This week, my Senate Judiciary Committee colleagues and I will consider a critical question: Is Judge Neil Gorsuch prepared to fill the seat left by the late Justice Antonin Scalia on the United States Supreme Court? We will weigh this question carefully at Gorsuch's confirmation hearing, which begins this morning.
Although the hearing begins today, we have been assessing Gorsuch's record and qualifications since he was nominated in early February. We have pored over his judicial opinions and other writings. We have asked for, received, and reviewed hundreds of pages of documents provided by the nominee. We have also reviewed dozens of letters submitted by outside groups and over 150,000 pages produced by the Justice Department from Gorsuch's public service there.
Indeed, this is not the first time we have assessed Gorsuch's qualifications. We thoroughly reviewed his record in 2006 when he was nominated to the U.S. Court of Appeals for the 10th Circuit. Not one senator voted against Gorsuch's confirmation.
This is the 14th confirmation process for a Supreme Court nominee in which I have participated. While some things change, others stay the same. The conflict over judicial appointments remains a conflict over the proper role of judges in our system of government. Over the last several weeks, I have addressed this issue on the Senate floor and in opinion pages around the country by contrasting what I have called impartial judges and political judges.
An impartial judge focuses on the process of interpreting and applying the law according to objective rules. In this way, the law rather than the judge determines the outcome. A political judge, in contrast, focuses on a desired result and fashions a means of achieving it. In this way, the judge rather than the law often determines the outcome.

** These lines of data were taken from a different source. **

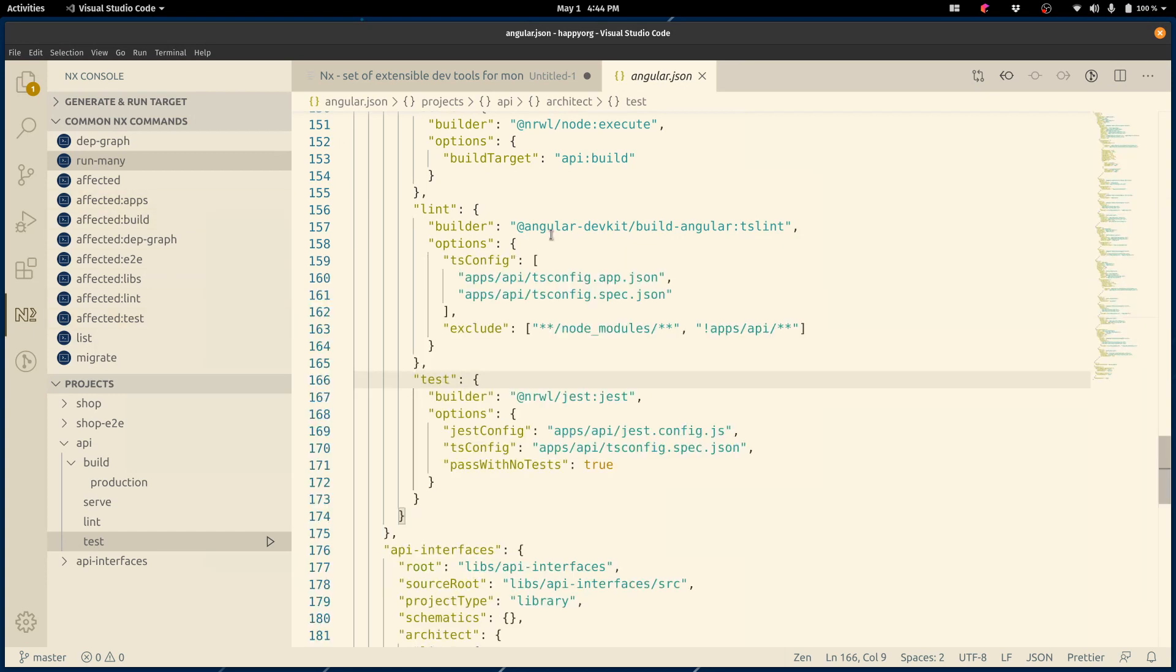All right, that's NX Console for you. It helps you generate code, explore things, run common targets, and common NX commands, in a very straightforward and interactive fashion. Please check it out. And if you have any feedback, reach out, and I will be happy to make this product better. Thank you.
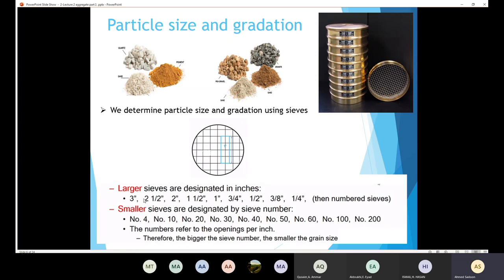In the smaller sieves, if the number is big, that means the size is small. Whereas in the larger sieves, if the number is big, that means the sieve opening is going to be big. So we differentiate between the two types: for the numbered sieves, the bigger the number, the smaller the grain size; while for the inch-designated sieves, the bigger the number, the bigger the grain size.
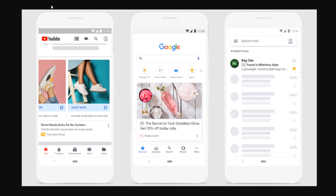Before we get started building our Discovery Ads campaign, I want to show you some examples directly from Google Ads. The first one on the left is an example from YouTube — you can see sneaker advertisements and the way they look. In the center is a Google Discover advertisement with a very nice image. On the right-hand side is a Gmail advertisement example. So just three different places your ads can run: YouTube Watch Next and home feeds, Google Discover, and Gmail social and promotions tabs.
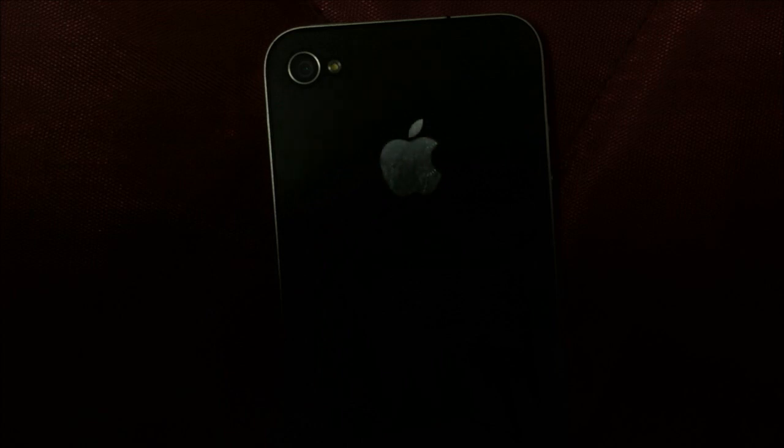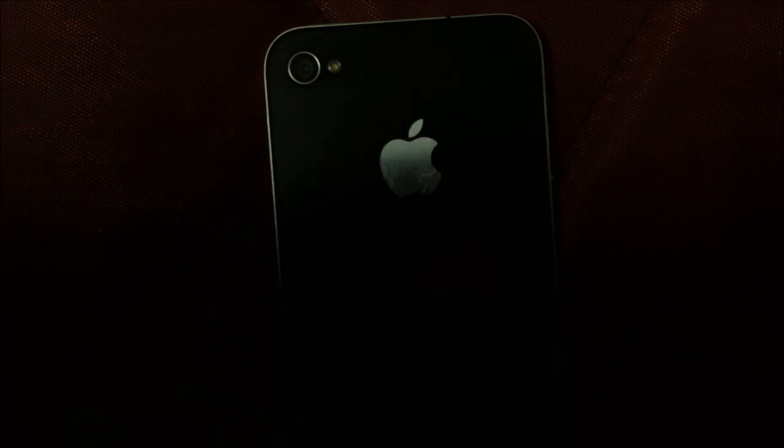Now when there is a message, the LED flash should actually flash three times. I have sent a message to the iPhone and hopefully there will be a flash now.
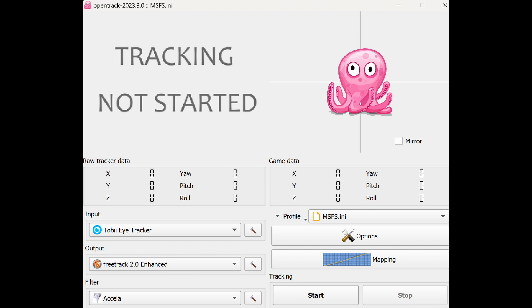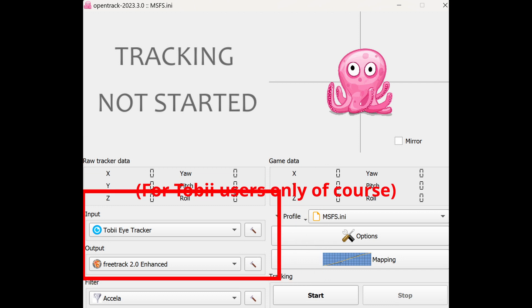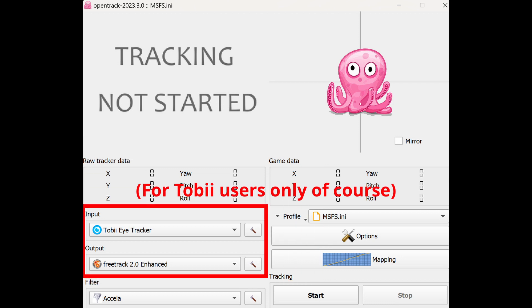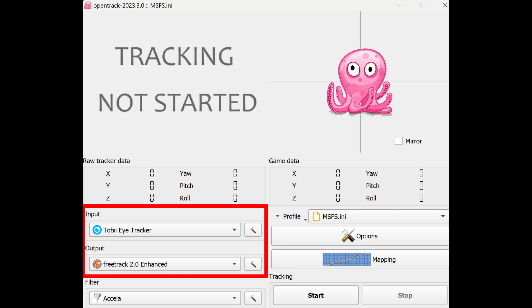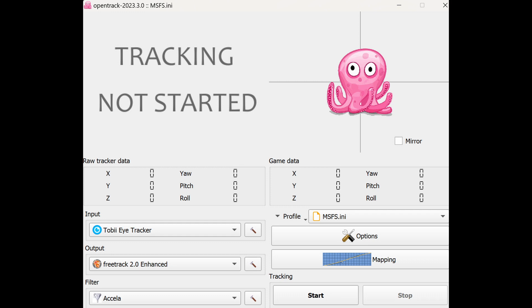First of all, this screen shows the main page of OpenTrack, and what I wanted to show you here is the input down the bottom there should be set to the Tobii Eye Tracker and the output should be set to FreeLook 2.0. As long as you have those two set, Microsoft Flight Simulator should see it automatically and you're on your way.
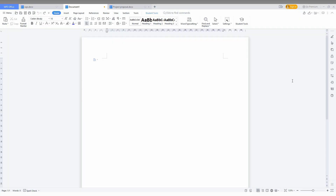So how to create the line paper on WPS Office — it's so simple and easy. Just watch this short video.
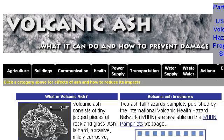Our top-ranked site to learn about how to perform business research in organizations is volcanoes.usgs.gov, specifically the page titled Volcanic Ash: What It Can Do and How to Minimize Damage. Here's the link.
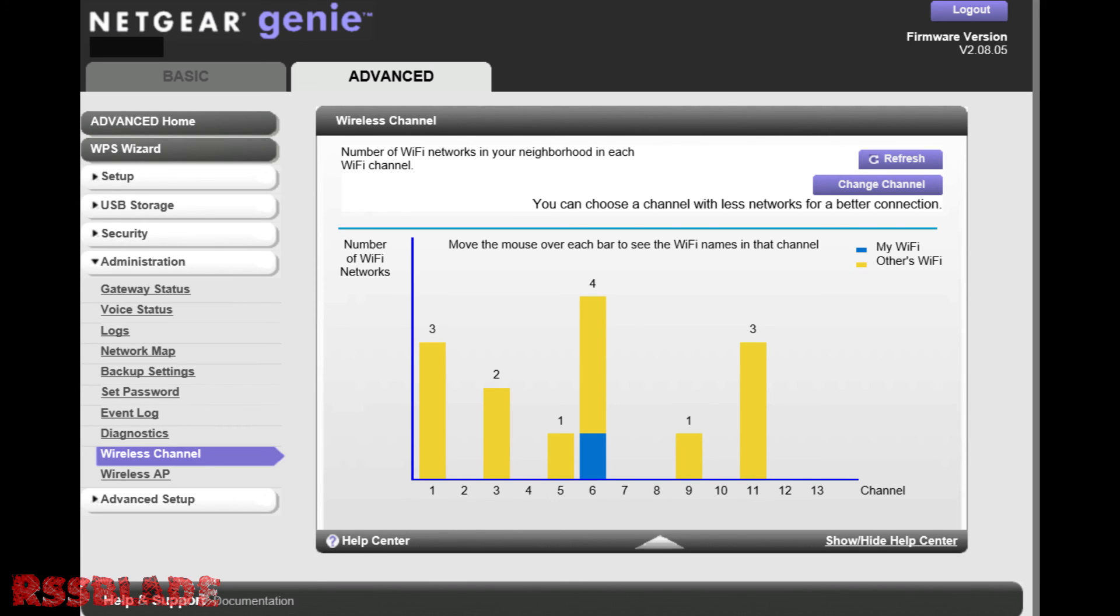So what you want to do is click change channel and select a channel with much less modems connected compared to yours. Thanks guys, hope this helped. Like and subscribe if it did and stay tuned for more content.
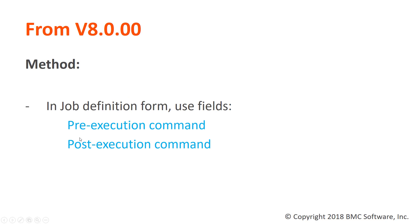For version 8 and higher, we can use the field of pre-execution and post-execution command in the job definition form for this function.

Unfortunately, some of my colleagues have taken their search for a political judge to new extremes this year. The New York Times reported last week that the most prominent line of attack against Gorsuch is that he is "no friend of the little guy." Even liberal Harvard law professor Noah Feldman agrees that this politically motivated attack is "a truly terrible idea" because "justices — including progressive justices — shouldn't decide cases based on who the parties are. They should decide cases based on their beliefs about how the law should be interpreted."
Something is seriously wrong when the judicial confirmation process resembles an election campaign for political office. Politicizing the judiciary in this way also undermines judicial independence. While the Constitution protects judges from external political pressures, the impartial judge also strives to maintain his independence from internal political pressures.
The campaign for a politicized judiciary includes strategies to get judicial nominees to take partisan positions on issues that could come before them in the future. Principled nominees don't fall for this bait. They understand that the integrity of the judiciary far outweighs questions of politics. Perhaps Justice Ruth Bader Ginsburg put it best: "A judge sworn to decide impartially can offer no forecasts, no hints, for that would show not only disregard for the specifics of the particular case, it would display disdain for the entire judicial process."
During this confirmation hearing, I urge my colleagues to focus our analysis on whether Gorsuch will be an impartial judge, and not whether he is suitable to run for public office of any particular party. And I urge them to respect judicial independence by not demanding that he prejudge issues that may come before him as a judge.
If at the end of the hearing the opposition's criticism remains that Gorsuch is "no friend of the little guy," the American public will know with certainty that there is no principled argument against Gorsuch's confirmation. The American Bar Association seems to have already reached that conclusion by unanimously giving him their highest rating. Based on my review of his record and qualifications, I concur that Gorsuch is the ideal nominee to fill Scalia's seat on the Supreme Court.
Sen. Orrin Hatch is Utah's senior U.S. senator.